3

Why windows "notepad" can't read specific "new lines" while "notepad++" can read them?

well, that's not the issue. My problem is with "std::ifstream::getline" which read all till it encounters "those new lines which only recognized by windows notepad" for example: "windows notepad" would read as follow:

12345
67890

notepad++ would read as follow:

1
2
3
4
...

and "std::ifstream::getline" would get "12345" ?!!!

I need to parse csv files by std::fstream and csv new row is like that new line of notepad++. So, is there any function or to make generic function that can read those new lines?

Tito Tito
  • 248
  • 3
  • 10
  • 3
    You might be experiencing UNIX style line endings versus Windows style line endings. Notepadd++ should be able to read UNIX style endings, while Notepad only displays Windows new line endings. Here's some more info: http://stackoverflow.com/questions/419291/historical-reason-behind-different-line-ending-at-different-platforms – austin Sep 20 '13 at 00:17
  • @austin: I would guess that Tito Tito opened the file in text mode in which case the end of line sequence would get conflated into `'\n'` when opened on a Windows system, i.e., it would be indistinguishable from the embedded newlines. Admittedly, there is too little context to tell for sure, though. – Dietmar Kühl Sep 20 '13 at 00:35

3 Answers3

12

There are 3 common line ending styles composed of the \n ("line-feed", or "newline") and \r ("carriage return") characters:

  • \r\n : Windows style
  • \n : UNIX style (Including Mac OSX)
  • \r : Mac style (pre-OSX)

Almost every program that deals with text will accept any one of these as a newline. I say almost because native Windows controls do not. Notepad is simply a Win32 Text Area control wrapped in a window frame. This means that you have to manually use Windows-style line endings when using text with win32. Not just Notepad, but also if you have a multi-line string in a Win32 popup, for example, you have to make sure you use \r\n else you'll get everything on one line.

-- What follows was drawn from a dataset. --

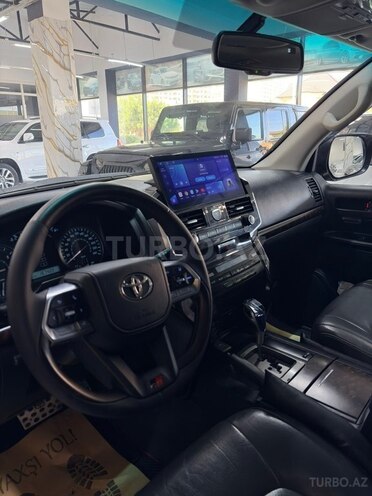 Toyota Land Cruiser-14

Most good text editors will have a setting somewhere for which line ending to use when saving. There are also command-line utilities like dos2unix or unix2dos that convert a text file from one to another.


Historical note:

ASCII and text terminals came about when the terminal was simply an electronic typewriter. The Carriage Return (CR) character \r meant put the printer carriage back to the beginning of the same line. Line Feed (LF) character \n meant move the paper up one line. The Windows philosophy is that to start a new line you must do both: CR LF.

Keith Thompson
  • 254,901
  • 44
  • 429
  • 631
Adam
  • 16,808
  • 7
  • 52
  • 98
  • I suspect many Unix programs would not react well to the old-Mac `\r` line endings. They 'handle' Windows `\r\n` endings because they treat them as a newline that happens to be preceded by a `\r`, which can cause problems if you have, for example, regexes that are trying to match end of line (for example, looking for a letter at the end of the line — but seeing the `\r` before the end of line as not matching). – Jonathan Leffler Sep 20 '13 at 00:59
  • @JonathanLeffler I don't think Unix programs handle the Windows line endings by accident. Text files get passed between OSes quite frequently and this would surface as a bug very quickly. The standard libraries for popular languages already do the right thing for you, so this only pops up if you parse manually. – Adam Sep 20 '13 at 01:30
  • It's also not uncommon to have multiple line ending styles in the same text file. I've had to make my parsers handle this as well. For example, a file may start out on OSX and have a few lines edited on Windows. Now you have `\n` and `\r\n`. – Adam Sep 20 '13 at 01:32
  • I beg to differ on the assertion that standard libraries do the right thing. The Unix `gets()`, `fgets()` functions (and the `puts()` function on output, and POSIX `getline()`) strictly deal with `\n`; they don't care whether there's a `\r` before it and certainly never add one on output (or remove one on input). As for `\r` only, they input functions will ignore `\r` and continue looking for `\n` (until they run out of space in the case of `fgets()`, or until EOF for `gets()`). Even `getdelim()` only deals in a single delimiter that must be specified in advance. – Jonathan Leffler Sep 20 '13 at 04:25
  • I did more snooping and it looks like you're right. I guess the files that worked for me before were pure luck. At least the text editors are smart about it, and the windows line endings USUALLY are ok, likely because in most cases whitespace is trimmed anyway. – Adam Sep 20 '13 at 09:35
6

First off, there is only one kind of newlines: '\n'. However, on systems there is a line end sequence consisting of a new line and a carriage return ("\n\r") or a carriage return and newline ("\r\n") (these made some sense with printers using a head writing characters: sending a newline would move to the next line but staying otherwise at the position and sending a carriage return would move the head to start of the line). From the looks of it, you have a file using newlines and carriage returns for different purposes but reading the file in text mode conflate the end of line sequence. Part of the mystery can probably be addressed by opening the file in binary mode, i.e., adding the flag std::ios_base::binary when opening the file.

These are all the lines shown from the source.